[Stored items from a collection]
....................

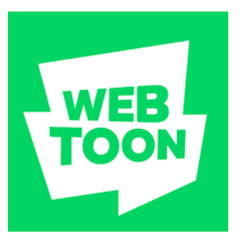 Webtoon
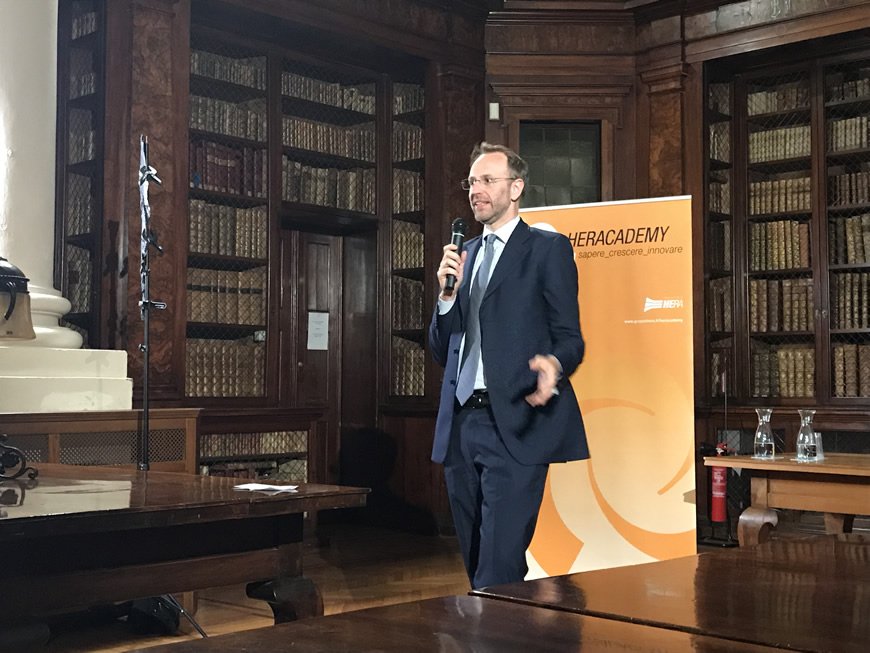 anteprima immagine 8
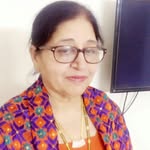 Satinder Hundal - @satinderhundal0812 - Instagram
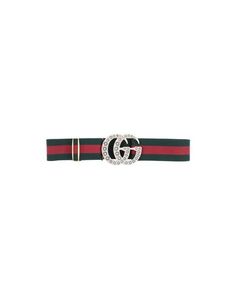 Ремень Gucci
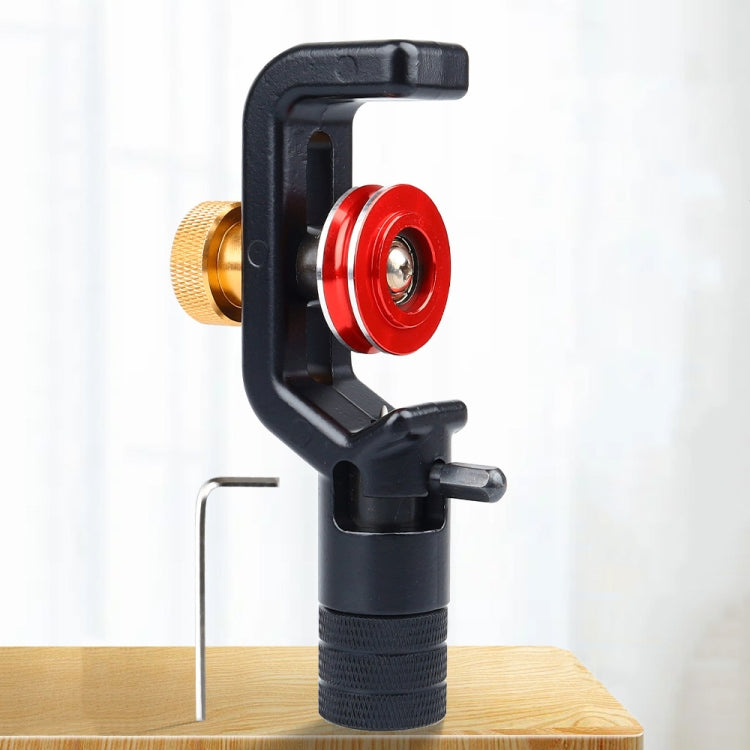 Armored Horizontal And Vertical Cable Cutter Optical Cable Stripping Knife, Single Red, Single Gold, Double Head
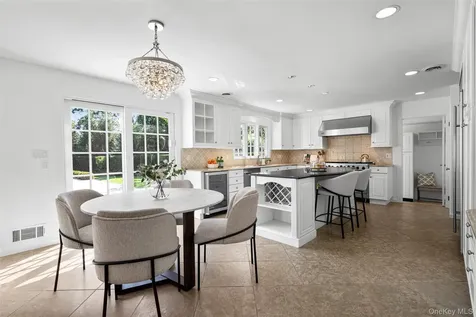 1314 Flagler Drive Mamaroneck NY 10543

....................

Now transcribe all the entries above exactly, so that no picture is carried over.

Exercise result:
 Webtoon
 anteprima immagine 8
 Satinder Hundal - @satinderhundal0812 - Instagram
 Ремень Gucci
 Armored Horizontal And Vertical Cable Cutter Optical Cable Stripping Knife, Single Red, Single Gold, Double Head
 1314 Flagler Drive Mamaroneck NY 10543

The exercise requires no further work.